Подогретая винными парами, Ирене пришла в восторг.
– От прозы можно захворать, а от стихов – отдать богу душу.
Вентура оставил без внимания едкое замечание Луисы.
– Чтобы никому не было обидно, я сперва расскажу историю в прозе, а потом подведу итоги стихами.
– Не обходи и театр. Представь все три жанра.

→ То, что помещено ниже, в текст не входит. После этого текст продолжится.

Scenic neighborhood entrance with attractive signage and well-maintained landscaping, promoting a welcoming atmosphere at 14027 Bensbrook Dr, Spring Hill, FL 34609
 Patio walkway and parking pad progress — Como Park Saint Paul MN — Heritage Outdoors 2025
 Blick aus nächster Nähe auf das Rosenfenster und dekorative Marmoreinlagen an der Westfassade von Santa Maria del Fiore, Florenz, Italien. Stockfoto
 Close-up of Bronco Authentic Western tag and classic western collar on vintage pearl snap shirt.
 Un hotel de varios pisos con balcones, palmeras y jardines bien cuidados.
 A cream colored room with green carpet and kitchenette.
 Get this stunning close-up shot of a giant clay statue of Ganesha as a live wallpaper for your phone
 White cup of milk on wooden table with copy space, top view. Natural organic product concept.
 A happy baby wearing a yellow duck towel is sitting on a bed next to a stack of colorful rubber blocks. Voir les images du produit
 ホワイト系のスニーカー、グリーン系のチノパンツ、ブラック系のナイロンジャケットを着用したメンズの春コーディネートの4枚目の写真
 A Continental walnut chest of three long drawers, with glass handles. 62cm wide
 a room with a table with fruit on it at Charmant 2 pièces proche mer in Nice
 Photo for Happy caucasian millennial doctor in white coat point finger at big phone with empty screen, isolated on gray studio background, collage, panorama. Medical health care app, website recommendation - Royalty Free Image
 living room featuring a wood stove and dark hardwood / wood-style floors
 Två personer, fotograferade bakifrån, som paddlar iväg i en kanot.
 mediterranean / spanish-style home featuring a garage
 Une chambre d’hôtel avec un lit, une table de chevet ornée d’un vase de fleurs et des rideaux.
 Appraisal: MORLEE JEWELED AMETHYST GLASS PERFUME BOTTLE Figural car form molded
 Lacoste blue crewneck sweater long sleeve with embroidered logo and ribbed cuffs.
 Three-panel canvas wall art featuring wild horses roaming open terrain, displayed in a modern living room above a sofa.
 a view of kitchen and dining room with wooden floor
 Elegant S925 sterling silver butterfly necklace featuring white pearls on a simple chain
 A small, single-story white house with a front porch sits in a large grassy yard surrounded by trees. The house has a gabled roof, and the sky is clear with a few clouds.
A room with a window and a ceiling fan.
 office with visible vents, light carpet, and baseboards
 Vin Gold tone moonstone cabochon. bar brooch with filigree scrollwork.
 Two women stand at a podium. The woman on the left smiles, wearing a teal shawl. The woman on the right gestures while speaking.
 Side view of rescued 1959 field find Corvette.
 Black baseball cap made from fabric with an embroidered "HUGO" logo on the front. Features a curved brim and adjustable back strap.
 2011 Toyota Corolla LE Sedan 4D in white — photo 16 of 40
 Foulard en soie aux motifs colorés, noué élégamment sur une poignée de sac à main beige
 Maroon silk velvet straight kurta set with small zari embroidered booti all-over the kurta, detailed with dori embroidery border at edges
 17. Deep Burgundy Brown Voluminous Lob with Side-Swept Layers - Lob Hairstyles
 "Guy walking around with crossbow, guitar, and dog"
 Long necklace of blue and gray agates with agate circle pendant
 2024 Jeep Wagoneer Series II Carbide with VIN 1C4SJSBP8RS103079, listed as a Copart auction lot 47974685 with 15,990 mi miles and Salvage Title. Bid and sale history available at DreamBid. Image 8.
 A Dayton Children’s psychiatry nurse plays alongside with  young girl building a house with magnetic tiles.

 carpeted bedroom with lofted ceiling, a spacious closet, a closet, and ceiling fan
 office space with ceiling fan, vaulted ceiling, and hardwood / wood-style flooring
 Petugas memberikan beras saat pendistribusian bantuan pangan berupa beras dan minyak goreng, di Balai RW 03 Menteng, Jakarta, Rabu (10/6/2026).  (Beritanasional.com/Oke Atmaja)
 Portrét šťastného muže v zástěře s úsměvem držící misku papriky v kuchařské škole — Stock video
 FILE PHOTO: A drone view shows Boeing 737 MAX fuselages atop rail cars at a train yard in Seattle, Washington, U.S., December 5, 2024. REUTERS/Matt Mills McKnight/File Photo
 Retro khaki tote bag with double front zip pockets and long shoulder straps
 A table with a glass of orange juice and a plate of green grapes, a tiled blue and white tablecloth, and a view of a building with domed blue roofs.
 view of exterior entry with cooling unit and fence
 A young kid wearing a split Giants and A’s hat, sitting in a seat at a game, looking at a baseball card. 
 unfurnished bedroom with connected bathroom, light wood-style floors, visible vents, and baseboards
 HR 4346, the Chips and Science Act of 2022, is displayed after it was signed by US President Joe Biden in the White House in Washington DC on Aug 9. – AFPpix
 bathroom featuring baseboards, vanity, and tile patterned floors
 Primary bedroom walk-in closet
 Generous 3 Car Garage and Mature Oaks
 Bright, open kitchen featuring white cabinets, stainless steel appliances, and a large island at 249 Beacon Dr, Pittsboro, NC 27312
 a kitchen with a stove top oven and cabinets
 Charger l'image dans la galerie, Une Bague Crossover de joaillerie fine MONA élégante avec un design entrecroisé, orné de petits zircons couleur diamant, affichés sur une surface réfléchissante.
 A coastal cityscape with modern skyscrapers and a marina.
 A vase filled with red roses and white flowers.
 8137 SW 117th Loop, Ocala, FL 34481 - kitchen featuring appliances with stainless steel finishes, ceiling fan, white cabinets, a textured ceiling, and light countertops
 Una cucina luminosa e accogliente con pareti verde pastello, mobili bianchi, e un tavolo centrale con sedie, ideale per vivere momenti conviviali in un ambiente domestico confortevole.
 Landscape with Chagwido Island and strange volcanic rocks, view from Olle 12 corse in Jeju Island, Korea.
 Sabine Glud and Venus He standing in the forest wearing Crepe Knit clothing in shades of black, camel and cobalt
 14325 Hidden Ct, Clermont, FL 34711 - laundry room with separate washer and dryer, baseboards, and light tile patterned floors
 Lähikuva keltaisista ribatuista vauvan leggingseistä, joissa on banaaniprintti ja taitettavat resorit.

Вентура и на этот раз не ответил на колкость Луисы, а начал свой рассказ в лирическом тоне:
– Несколько лет назад, вернее, много лет назад, когда мы только еще учились на бакалавров, из долгого пребывания за границей возвратился человек, который должен был потрясти умы либеральной интеллигенции Каталонии. К ней принадлежали бывшие молодые люди, потерпевшие поражение во время воины или в послевоенные годы, бывшая много обещавшая молодежь, сформировавшаяся в культурном климате предвоенных лет; у некоторых был опыт подпольных организаций, хотя они и не обладали особыми геройскими качествами, а потом, в силу сложившихся обстоятельств, дорогой ценой расплачивались за какую-нибудь статью, написанную в молодости чересчур смело, а то и просто за то, что она была написана по-каталонски. И пока победители с пистолетом в руке завоевывали себе позиции в университете, эти молодые люди давали уроки латыни или математики чахоточным детям мелкой буржуазии, которые должны были заменить собой выпавшие звенья в цепочке культуры, или трудились в маленьких скромных издательствах, пытаясь втиснуть в двадцать томов энциклопедии выжимки из национальной культуры, которые были дозволены франкизмом к публикации. Они, долгие годы готовившиеся стать сливками каталонской культуры, вынуждены были влачить жалкое существование в подполье родной страны и жениться на девушках, которые видели, что их мужавший и зрелый ум было не к чему применить и что им уготована пустая и жалкая доля. Все они были в одном братстве, в братстве святых-побежденных, сражавшемся за то, что могло быть, но не сбылось. То были голодные годы, годы нужды и нехваток, и они не могли обеспечить себе даже такого уровня жизни, к какому большинство из них детьми привыкло в родном доме; и своим несчастным подругам, которые рискнули выйти за них замуж, они не могли предложить ничего, кроме как разделить их участь – работа по совместительству, скверно оплачиваемое репетиторство в двадцати частных школах и километры, километры переводов по десять песет за страницу, да вдобавок выматывающие душу аттестации на замещение вакантной должности институтского преподавателя. Так жили те, кому, казалось, суждено было превратить автономный Барселонский университет в Афины новой Каталонии.
– История повторяется.
Шуберт сказал и обвел всех взглядом, ища поддержки, но никто ему не ответил.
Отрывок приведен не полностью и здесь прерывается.